Dimana posisi dudukku di belakang kemudi bapak, dan yang didepan adalah adik
sulungku.
***
Menginjak smp, aku masih selalu diantar jemput bapak
setiap berangkat sekolah. Dengan dalih, transportasi umum terlalu rumit untuk
sampai ke sekolahku waktu itu. Meskipun, sekolahku merupakan salah satu sekolah
favorit di kotaku. Tapi, medan yang harus ditempuh untuk sampai ke sana,
memanglah cukup sulit. Sehingga, bapak mengorbankan diri, harta dan waktunya
untuk putri kecil kesayangannya ini. Sering, jika aku ada les tambahan, bapak
sudah standby di tempatnya biasa menjemputku. Kadang, beliau mengobrol
dengan bapak lain, yang juga turut menjemput anaknya. Dan malah, berteman akrab
dengan bapak temanku itu.
Tapi, sepeda balap bapak pada saat itu sudah
berevolusi menjadi sebuah motor Bravo. Motor bukan matic dengan bunyi knalpot
terkentut-kentut, yang menghasilkan asap putih tebal, ketika sudah melintas di
jalanan.
Bravo adalah motor bekas yang dibeli bapak dari hasil
penjualan sepeda balap yang sebelumnya juga ia gunakan untuk mengantar aku,
ibu, maupun adikku kemana-mana. Lalu saat kelahiran adikku yang kedua, bapak memutuskan
menjual sepeda balap kesayangannya, dan berganti menjadi motor Bravo itu,
sampai sekarang.
Aku tidak tahu, sejak kapan bapak mengikhlaskan
dirinya menjadi tukang ojeg di keluarga kami. Bedanya, beliau tak pernah
menarik uang bensin kepada kami, untuk minum sehari-hari, bagi motor tuanya
itu.
***
Menjejaki masa smk. Bukan lagi sekolah favorit yang
aku masuki. Melainkan sekolah swasta. Yang sebenarnya saja, aku tidak mau
memasukinya. Tapi, adalah kuasa Allah yang menggerakkan hati bapakku untuk
menyekolahkanku di tempat itu.
Ya, takdir menibakanku pada sebuah sekolah yang
sejatinya tidak ingin aku masuki. Sedangkan bapak, malah mendaftarkanku di
sekolah swasta itu dengan tanpa berbicara terlebih dahulu kepadaku. Sebagai
lulusan dari salah satu sekolah favorit di kotaku, gengsiku jelas lebih tinggi
dari apa pun saat itu. Haruslah sebuah sekolah favorit juga yang akan aku
masuki nantinya. Tapi, Allah berkehendak lain.

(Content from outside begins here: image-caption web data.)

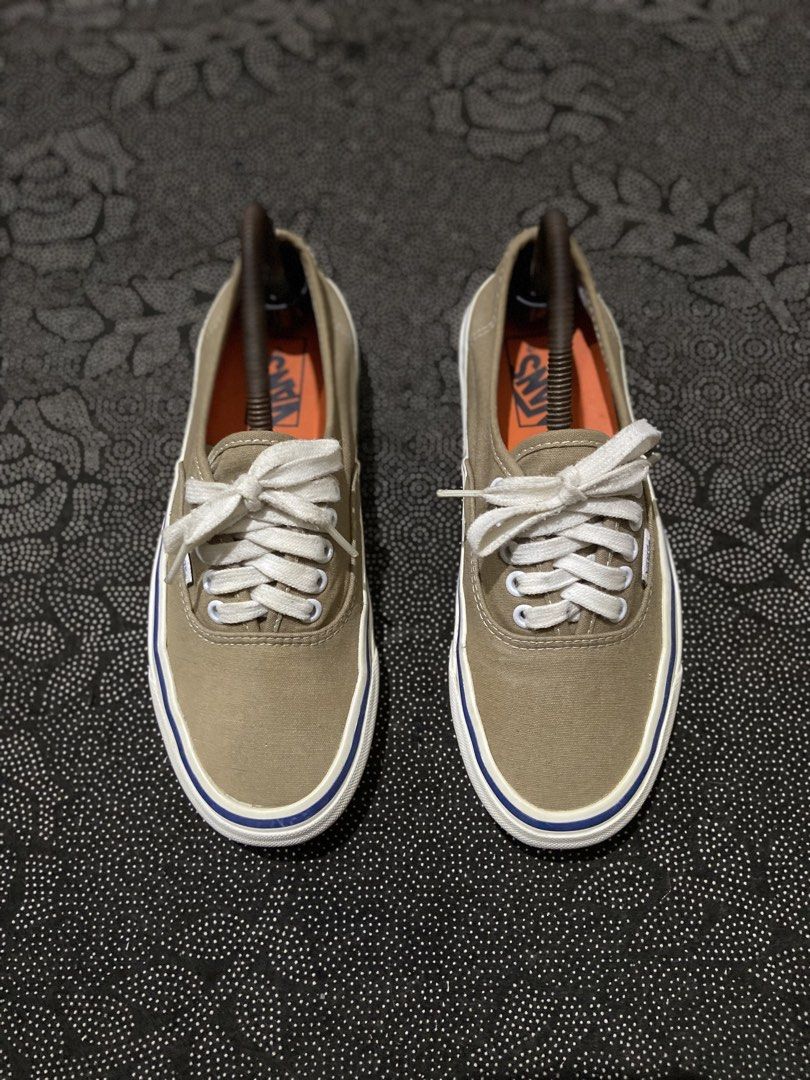 OTW by Vans Authentic 44 Siped Vi bram🔥 (Category: Sneakers) located in Liloan. Submitted by kjsneaks (Listing ID 1468806005, Image 2). Description: WTS‼️ RARE TO FIND PAIR🔥 Size 7 men, 25cm Original Excellent condition Sign of usage Can do shipping nationwide Dm me📥.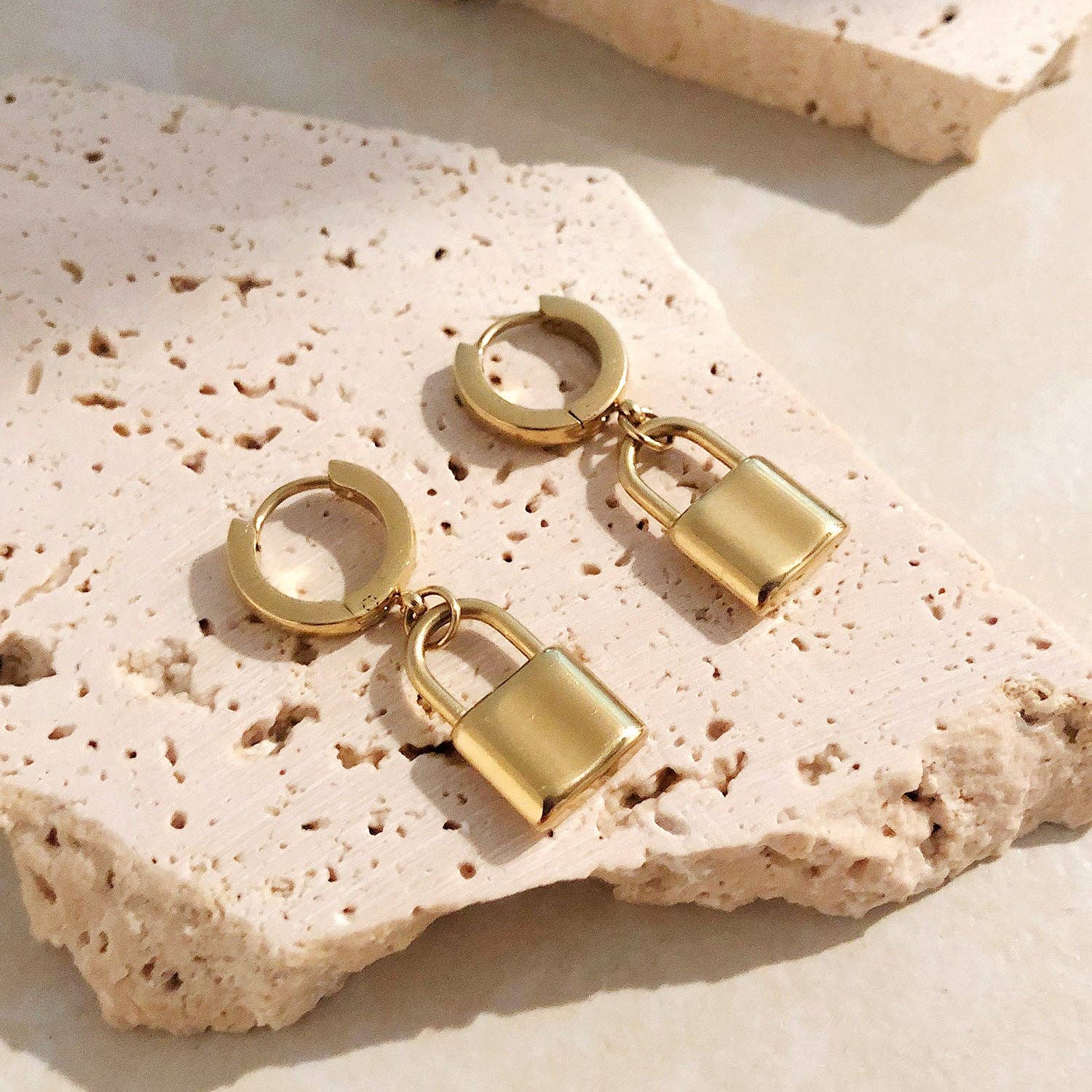 Guld Guld medaljon øreringe for engroshandel på Faire3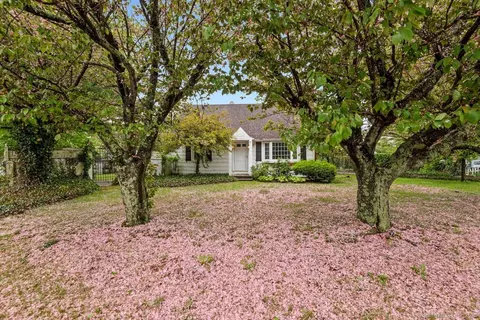2 Friendly Rd, Norwalk, CT 06851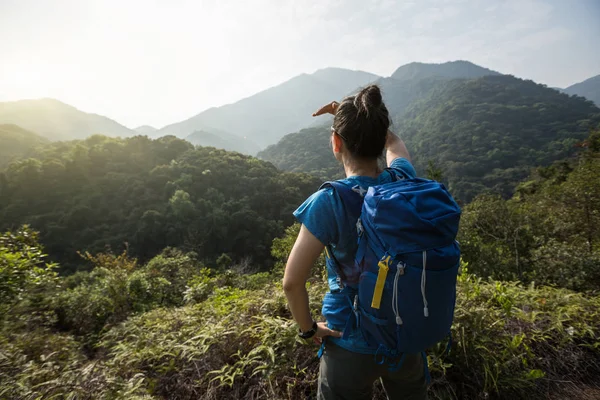 Mochilera Disfrutando Vista Valle Montaña Mañana — Foto de Stock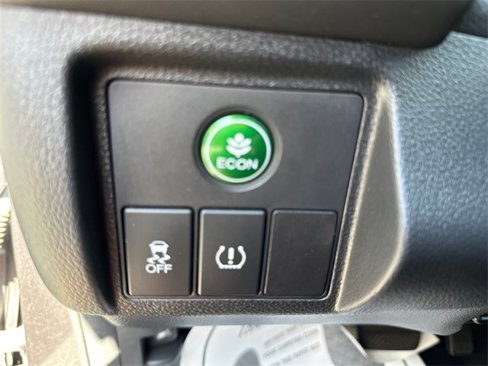 Used 2022 Honda HR-V LX image 13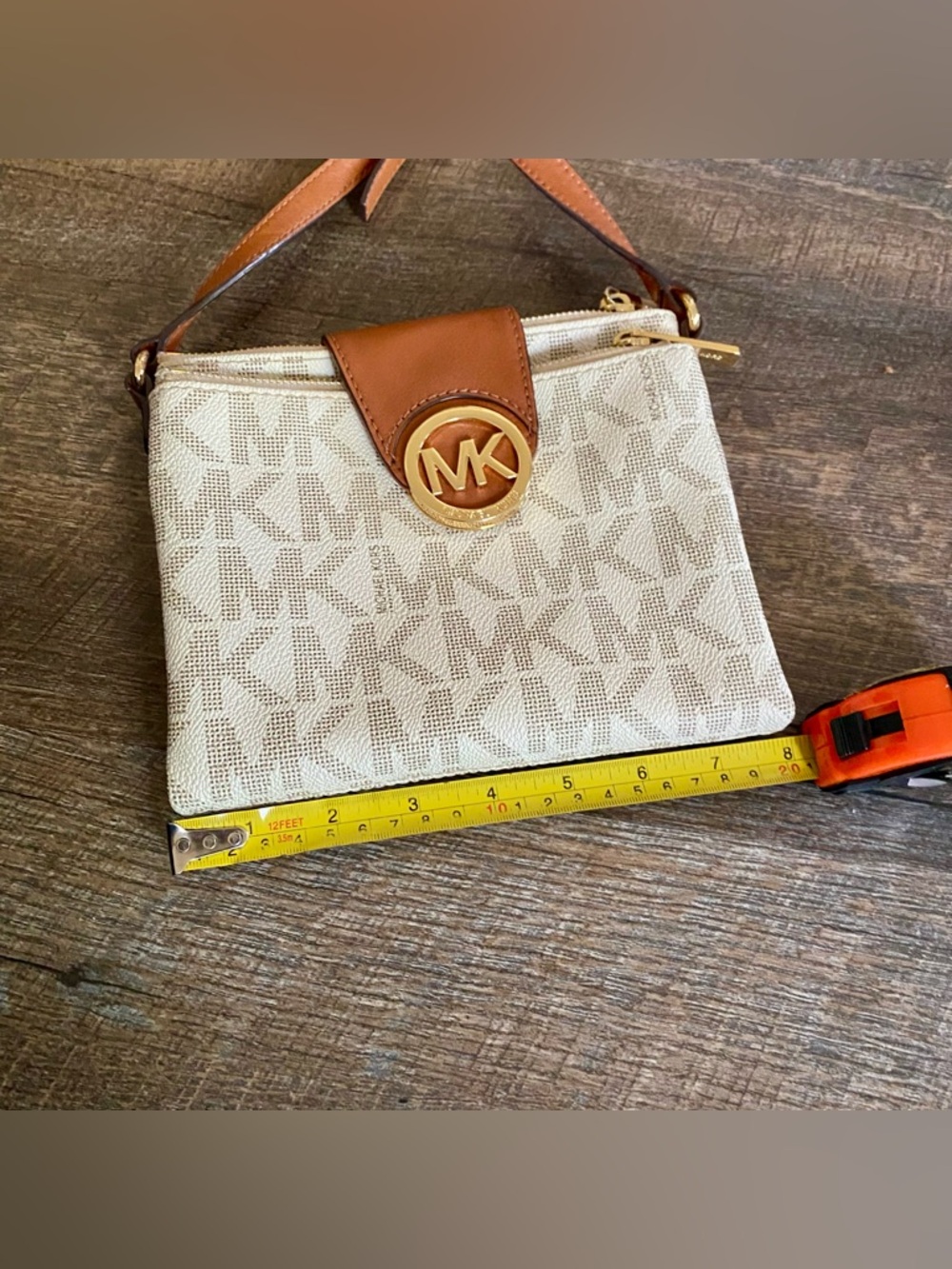 Michael Kors Vanilla/Brown Leather Signature Fulton Monogram Crossbody bag - Picture 7 of 12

Aku mendapat legitimasi berupa surat undangan dari
sekolah swasta itu. Dengan iming-iming beasiswa gratis tidak membayar uang SPP.
Setelah kutunjukkan surat itu pada ibu bapakku, orang yang paling antusias
adalah bapak. Seakan, beliau baru saja menemukan bongkahan emas yang berharga.
Sekolah swsata itu sebenarnya tidak sejelek yang aku
bayangkan. Malah sebaliknya, gedungnya megah, bangunannya besar, dan banyak
fasilitas yang tidak kutemui di sekolahku dulu. Tapi, aku masih malas-malasan
menjalani hari-hari pertama di smk pilihan bapak itu. Masih ada
perbandingan-perbandingan tidak berarti yang dibenarkan oleh hatiku. Meskipun
begitu, bapakku tidak pernah sekalipun memadamkan semangatnya. Ia kembali
mengorbankan dirinya menjadi juru antarku berangkat sekolah. Meski saat pulang,
aku mulai bisa pulang sendiri.
Sebenarnya, aku mulai ingin berangkat sekolah dan
pulang sendiri. Tapi, selalu bapak katakan kepadaku, uang sakuku untuk ditabung
saja, atau kalau tidak untuk sedekah saja. Mungkin, hal ini juga merupakan
salah satu cara bapak untuk tetap ingin lebih dekat denganku, anaknya.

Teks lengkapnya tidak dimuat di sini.